LAURENT SCHANG. La pensée de Keyserling s’articule autour de la notion-clé d’ « humanisme intégral », qui postule que toute vie porte en elle-même son propre sens et doit donc être vécue comme un sacerdoce. Ses écrits s’inscrivent dans la lignée du courant spiritualiste apparu en Allemagne et en Autriche au début du XXe siècle, en réaction à l’industrialisation et à la militarisation de la société. Hofmannsthal, Scheler, George sont quelques-uns des grands noms qui dominent ce cercle d’artistes et d’intellectuels, par ailleurs très informel, habités par le même « pessimisme culturel », la même conviction que l’Occident est entré dans une période de décadence. On retrouve chez Keyserling leur idéal du surhomme à venir, pas au sens dévoyé du plus fort mais du plus complet – à la « recherche de la Totalité du Réel », Keyserling dixit – et leur appel à une régénération spirituelle, qui emprunterait autant aux textes sacrés européens qu’à ceux de l’Inde ou de la Chine. De ce point de vue, l’idée d’une « harmonie préétablie du monde » ou « cosmopathie » défendue par Keyserling est incompatible avec la vision du monde pessimiste développée par Spengler dans son Déclin de l’Occident.

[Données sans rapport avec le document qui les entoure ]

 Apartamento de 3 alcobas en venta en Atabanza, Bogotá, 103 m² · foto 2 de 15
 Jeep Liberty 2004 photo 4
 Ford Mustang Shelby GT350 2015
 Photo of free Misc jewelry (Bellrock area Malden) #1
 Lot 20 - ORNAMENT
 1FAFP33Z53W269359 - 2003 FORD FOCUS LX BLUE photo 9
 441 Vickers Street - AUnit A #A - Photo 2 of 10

Décadence n’est pas déclin, un renouveau est toujours possible chez Keyserling, ce qui va à l’encontre du systématisme de Spengler, pour qui toutes les civilisations suivent une pente fatale. Outre sa théorie des lois du sang et le mécanicisme qui en découle, Keyserling reproche à Spengler sa prétention à dégager des lois historiques de son étude du passé. Un passé qu’il relit, qui plus est, au prisme de son prussianisme. « Homme des faits » bien plus que prophète, en ce sens qu’il raisonne en pur historien, Spengler oublie toutefois que les faits en question sont le produit de la liberté d’action des hommes. L’histoire, lui oppose Keyserling, ne fonctionne pas comme un « mécanisme d’horlogerie », elle n’a de sens que celui que lui donnent les hommes capables de l’incarner en imposant leur vérité au monde. D’où la fascination de Keyserling pour la figure de Jésus. Au-delà de la critique qu’il contient, ce texte peut aussi se lire comme une leçon de réalisme et d’espoir.

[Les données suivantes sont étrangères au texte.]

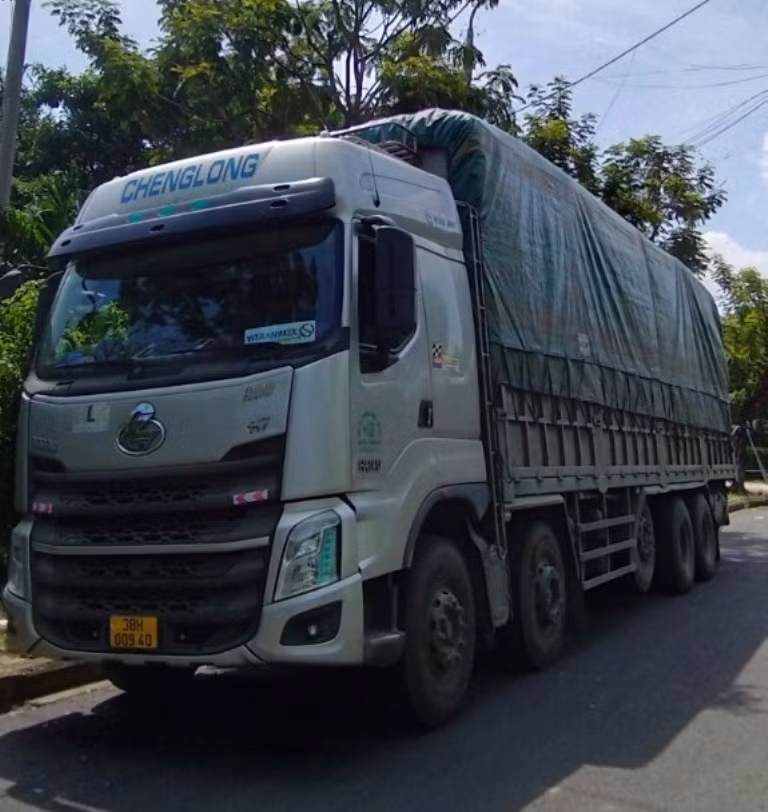 CSGT phát hiện xe siêu quá tải nghi chở hàng “không nguồn gốc” -0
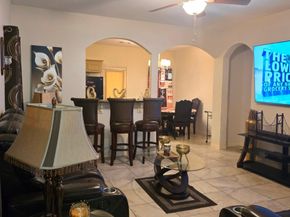 2111 Davis Street, Houston TX 77026
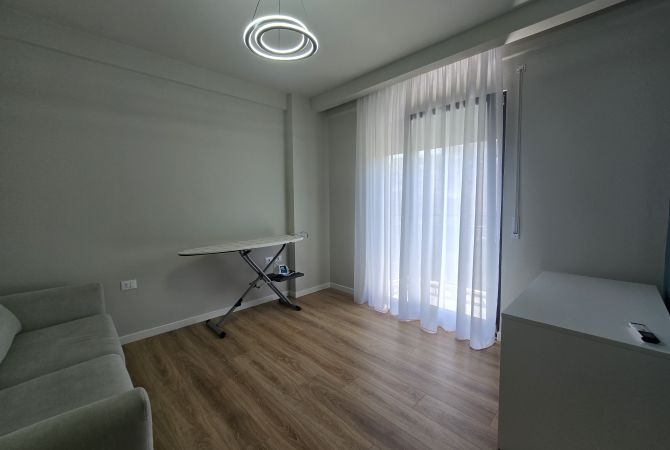 Shtepi me qera Apartament ne Tirane, 2+1, Mobilimi E mobiluar, Pagesa 750  Euro.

ÉLEMENTS: Keyserling était attaché à la « personnalité », non pas seulement la personnalité des personnalités, si l’on peut dire, mais aussi celle des peuples – qu’on songe à sa phénoménale Analyse spectrale de l’Europe. Que faut-il entendre par ce terme ?

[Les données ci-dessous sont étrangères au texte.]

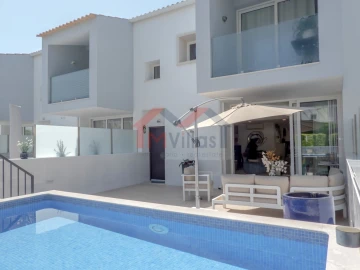 Moradia T4 para Venda em Albufeira e Olhos de Água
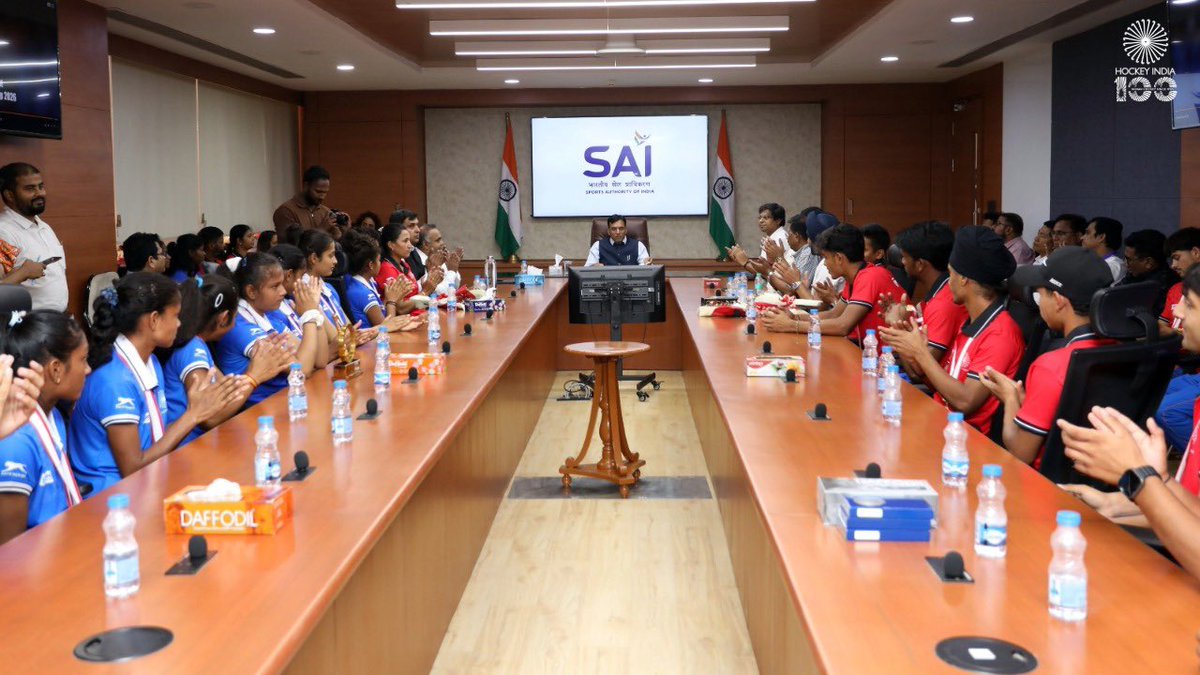 DSYWMP's tweet photo. U-18 एशिया कप 2026 में कांस्य पदक अर्जित कर देश को गौरवान्वित करने वाली भारतीय महिला हॉकी टीम का केंद्रीय युवा कार्यक्रम एवं खेल मंत्री डॉ. मनसुख मांडविया द्वारा सम्मान किया गया।

इस अवसर पर  मध्यप्रदेश महिला हॉकी अकादमी की प्रतिभाशाली खिलाड़ी और  टूर्नामेंट की शीर्ष गोल स्कोरर नौशीन नाज़ को उनके उत्कृष्ट प्रदर्शन के लिए विशेष रूप से सम्मानित किया गया।

नौशीन नाज़ की उपलब्धि मध्यप्रदेश के लिए विशेष गौरव का विषय है। उनकी प्रतिभा, समर्पण एवं उत्कृष्ट प्रदर्शन प्रदेश की खेल अकादमियों में विकसित हो रही खेल प्रतिभाओं की गुणवत्ता और क्षमता को राष्ट्रीय स्तर पर स्थापित करता है।

खेल एवं युवा कल्याण विभाग, मध्यप्रदेश की ओर से भारतीय महिला हॉकी टीम एवं नौशीन नाज़ को इस उपलब्धि पर हार्दिक बधाई एवं शुभकामनाएँ।

#U18AsiaCup2026 #IndianWomensHockey #NousheenNaaz  #KheloIndia #IndiaKaGame #HockeyIndia
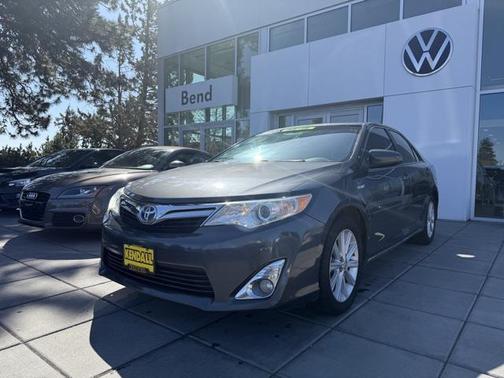 2012 Toyota Camry Hybrid XLE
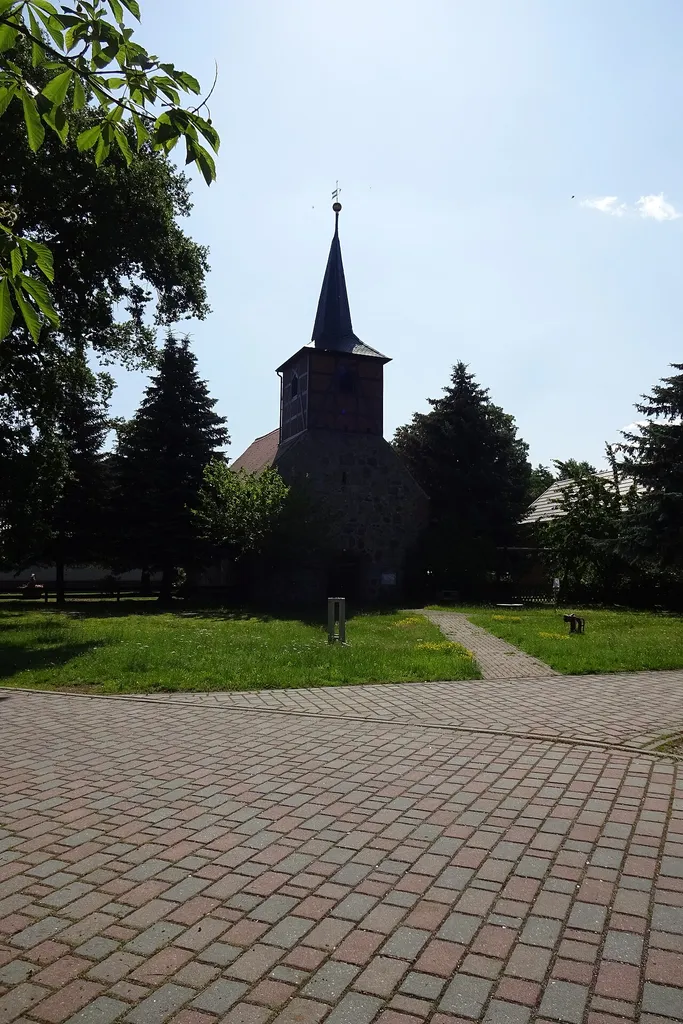 Lockstedt gehört zur Ortschaft Neuendorf und ist ein Ortsteil der Stadt Klötze im Altmarkkreis Salzwedel in Sachsen-Anhalt.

LAURENT SCHANG. La personnalité des peuples est en effet un thème récurrent dans l’œuvre de Keyserling, de Journal de voyage d’un philosophe, son deuxième livre, grâce auquel il acquit une notoriété mondiale, à Voyage dans le Temps, son autobiographie publiée à titre posthume. Ce thème est au centre d’Analyse spectrale de l’Europe, qui reste pour moi son chef d’œuvre. Figures symboliques, dont est extrait le texte sur Spengler, reprend lui aussi cette idée-force, selon laquelle à chaque personnalité correspond une destinée spirituelle, son « Sens », et que l’âme, le « moi véritable », représente l’ultime réalité à atteindre pour qui veut devenir sujet de sa propre histoire et accomplir la mission pour laquelle il est né. Or ce qui vaut pour les individus vaut pour les peuples. À l’instar de Spengler, Keyserling conçoit les cultures comme des « organismes spirituels » dont les spécificités – la « personnalité » – donnent aux identités collectives ce sens sans lequel elles perdent leur « moi véritable » et périclitent. D’où l’importance qu’il accorde à leur préservation, à rebours de l’idéologie aujourd’hui dominante. Esprit universel, Keyserling aurait fait un piètre philosophe mondialiste.